I've had a pair of Shimano shoes for the past 5years (not sure which model, ~160$ retail w/CF sole) in size 43 that used to fit me Perfect. 
The past few years i have been running a lot and my foot size has apparently increased enough to make these shoes feel a 1/2 size too SMALL. My toes are right at the end of toebox and certain efforts cause pain at the tips of toes.

In contrast, i have a pair of Specialized Torch 2.0 Road Shoes in sz43.0 that i've had for a year. These interestingly fit about a 1/2 sz too LARGE with noticeable extra length in the toebox. 

In summery: Shimano43.0 too small, Specialized43.0 too big

I'd like to get a new pair of MTB & Road shoes but am now confused where to start with selecting the proper size/brand. My desired fit for both road&MTB is a wide toe-box with minimal extra length. Obviously the best way to achieve this would be to try on as many shoes as possible. Unfortunately i do not have any local stores that stock a variety of higher-end shoes in different sizes for me to compare. It might come down to driving a further distance to seek out a proper shop, But in the meantime:

Any advice on differing fit between Brand-to-Brand, and MTB-to-Road shoes, would be greatly appreciated.


----------



## FrankS29 (Oct 23, 2019)

I've been a big fan of Shimano shoes for many years now since they are one of the few brands that offer wide sizes along with standard sizes. If you want the extra width toe box without extra length, a wide shoe might be a good option for you. 

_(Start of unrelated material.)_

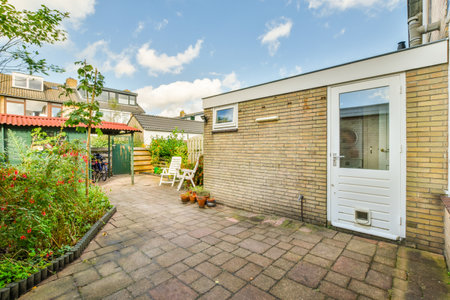 Amsterdam, Netherlands - 10 April, 2021: a back yard with some plants and flowers in the fore -...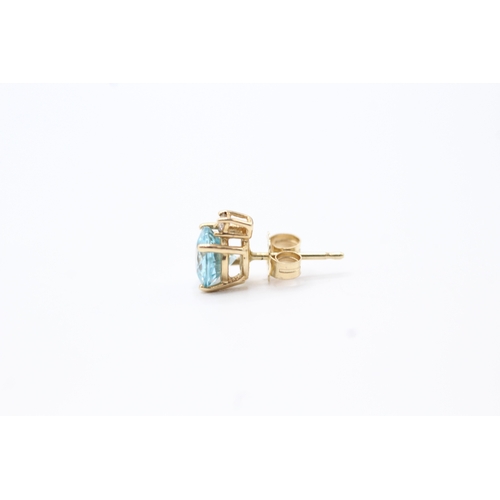 135 - 9ct gold diamond and blue gemstone stud earrings (1.5g)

I have been using wide Shimano XC90's for years now on my gravel/commuter bike and for about 1 season on the mountain bike before I went back to flats on the mountain bike. Super comfortable, lightweight and have been very durable.


----------



## Nat (Dec 30, 2003)

IME a Specialized euro size 44 = Shimano size 45 so there's a frame of reference for you. It looks like you've found the same thing to be true.

I just bought a pair of the latest version of Shimano ME7 Wide shoes and while they're wider than the regular version they're not what I would describe as genuinely wide. In fact, they're built on a narrower last than the previous version.

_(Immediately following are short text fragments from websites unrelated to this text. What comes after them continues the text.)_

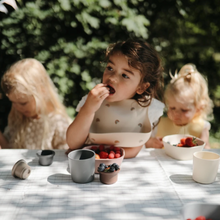 Load image into Gallery viewer, Mushie Silicone Baby Bib | Rainbow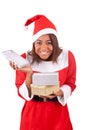 Young african american woman with santa hat and gifts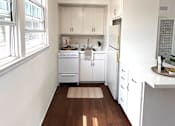 Thumbnail 12 of 30 - A kitchen with white cabinets and a fan on the ceiling.
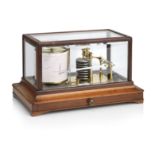A late 19th/early 20th century brass lacquered and mahogany cased barograph With applied ivorine ...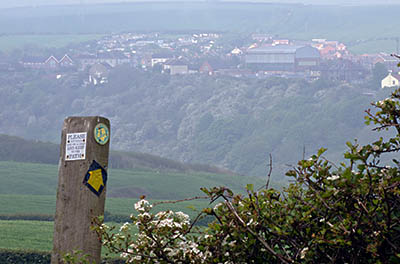 ENG: Yorkshire & Humberside Region, North Yorkshire, North Yorkshire Coast, Skinningrove, Stile and footpath gives view towards the village [Ask for #270.449.]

Note the two "vents" on the side. This is the latest version:








Shimano ME702 Cycling Shoe - Men's - Bike


Buy the Shimano ME702 Cycling Shoe - Men's online or shop all Bike from Backcountry.com.




www.backcountry.com





If you can find the previous version in your size, they're pretty roomy inside.

Note the multiple little vent holes on the upper. This is the older, wider version:








Shimano SH-ME7 Cycling Shoe - Men's - Bike


Buy the Shimano SH-ME7 Cycling Shoe - Men's online or shop all Bike from Backcountry.com.




www.backcountry.com


----------



## Blatant (Apr 13, 2005)

Not my experience. I currently run Shimano ME5 and Specialized 2FO. Both size 45. Both fit my foot exactly the same. The Shimano has a bit wider toebox.


----------



## teK-- (Dec 3, 2011)

With the Specialized I have to go one US size bigger than on the Shimano.


----------